Strange.. rolling back with TimeShift doesn't fix broken Nvidia update

Hello all,
After a lot of struggle, I finally had perfectly working Nvidia laptop, with performance equal or sometimes even better than Windows. Then the system update came, which replaced my 495 nvidia driver to the 510 version. And the performance dropped a lot. Now it is again as slow as before my struggles. (Nvidia produces now half of the FPS compared to Intel integrated GPU).

Fortunately I had Timeshift backup of my system from just before the update, so I rolled back, and to my surprise, this did not fix the problem!

How is this possible? Did the driver update process modify some GPU firmware?
I have done precise measurements before and after, and the difference is huge. All conditions were the same, even air temperature.
After booting to Windows, the Nvidia is working ok as always, so the hardware didn’t break.

Technical stuff (before update):

  • Host: Dell Latitude 5401
  • Kernel: Linux 5.15.16-1-MANJARO
  • CPU: Intel i5-9400H (8)
  • GPU1: Intel UHD Graphics 630
  • GPU2: NVIDIA GeForce MX150

I had properly installed optimus-manager, and all testing was done using Hybrid mode with following commands:

# Linux Benchmarks:
gamemoderun prime-run vkmark --present-mode immediate  
gamemoderun prime-run glmark2 immediate

# Steam games and benchmarks:
gamemoderun prime-run mangohud --dlsym %command%

Did you rollback the kernel to ?

Did you try with another kernel ?

Like 5.10 or 5.15 ?

How to increase your chances of solving your issue:

Please provide Information:

Are you sure you didn’t do something before taking your snapshot and updating the system? What you describe is very unlikely if you indeed brought you system back to where it was you should have same performance, beside the usual need for shaders to be recompile for your Steam games.

No

What about not using this external software? Manjaro Prime setup is working as is.

Did you rollback the kernel to ?

Yes, I rolled back the whole system (only without home and root directories).
So, if something was changed, it probably was in home, that Timeshift excluded from backup.

Did you try with another kernel ?

Before my success with the driver I have tested many versions of kernel and driver pairs. It was always properly loading the driver (glinfo, and vulkaninfo confirmed that), but the good performance was only on the following version: linux515-nvidia (in version 495.46-10), which did fit to kernel version 5.15.16-1-MANJARO. So I kept this configuration.
All other versions did not provide good performance.

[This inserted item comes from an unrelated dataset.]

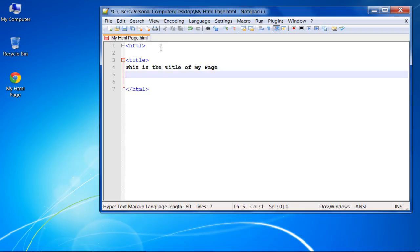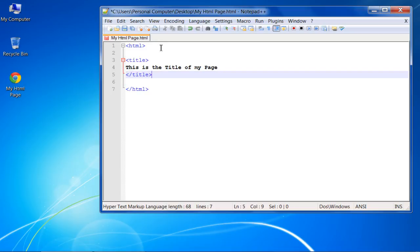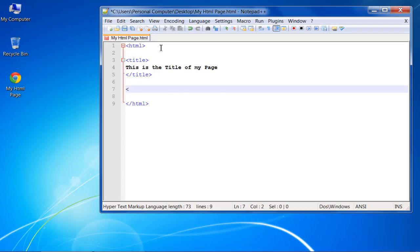For the closing tag, enter another angle bracket, type in forward slash title, followed by another angle bracket. This will serve as the closing tag. In the same way, let's add the body tag to the document.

Are you sure you didn’t do something before taking your snapshot and updating the system?

I am 99,9% sure.

What about not using this external software? Manjaro Prime setup is working as is.

Belive me, I have tested this, and a lot of other stuff, even on different Linux distros (PopOS, Ubuntu). It was strange for me, but it only worked with Manjaro + optimus-manager. This setup survived 2 months on Manjaro, and now it is broken.

Perhaps there is some error, which is random in its behavior, and it is just coincidence that it happened just now.

If you are using OM in ‘hybrid’ mode … there is absolutely no reason to be using it at all.

It creates issues … I cant force you to use certain software on your own system.
But … this is well documented and addressed over many other threads.

Not to mention that, besides its own hacky construction, it is also an AUR package … so both things require extra attention.
optimus-manager even has special steps in its github for manually augmenting the display manager so that OM will work.
And, as an AUR package … you are responsible for rebuilding it when needed.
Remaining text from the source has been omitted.